His two young companions laughed scornfully. Then one of them--the younger--said that he too if wealthy would buy the house, as he had not seen another so well suited for the life he would like to live. A life spent with books! He would send to Europe for all the books he desired to read and would fill the house with them; and he would spend his days in the house or in the shade of the trees, reading every day from morning to night undisturbed by traffic and politics and revolutions in the land, and by happenings all the world over.

He too was well laughed at; then the last of the three said he didn't care for either of their ideals. He liked wine best, and if he had great wealth he would buy the house and send to Europe--O not for books nor for a beautiful wife! but for wine--wines of all the choicest kinds in bottle and casks--and fill the cellars with it.
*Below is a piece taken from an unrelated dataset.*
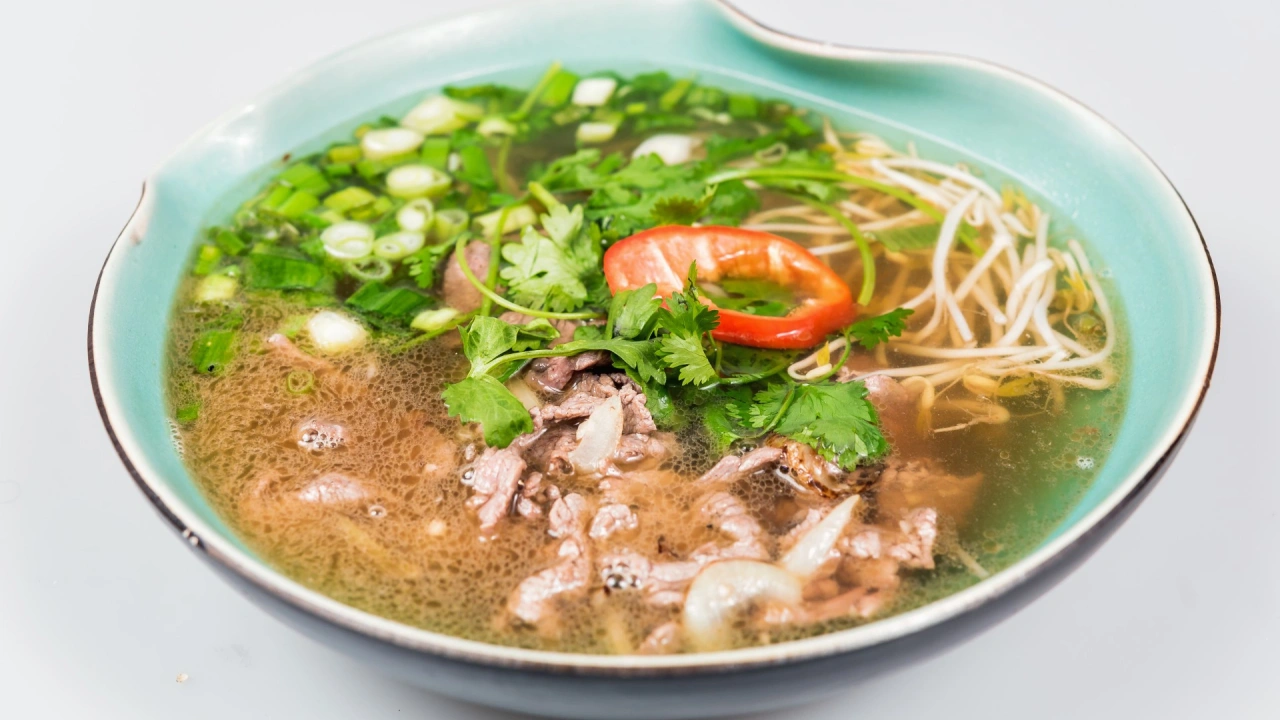 Phở bò tái lăn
And his choice wines would bring choice spirits to help him drink them; and then in the shade of the old trees they would have their table and sit over their wine--the merriest, wittiest, wisest, most eloquent gathering in all the land.

The others in their turn laughed at him, despising his ideal, and then we set off once more.

They had not thought to put the question to me, because I was only a boy while they were grown men; but I had listened with such intense interest to that colloquy that when I recall the scene now I can see the very expressions of their sun-burnt faces and listen to the very sound of their speech and laughter. For they were all intimately known to me and I knew they were telling openly just what their several notions of a happy life were, caring nothing for the laughter of the others. I was mightily pleased that they, too, had felt the attractions of my Dovecot House as a place where a man, whatsoever his individual taste, might find a happy abiding-place.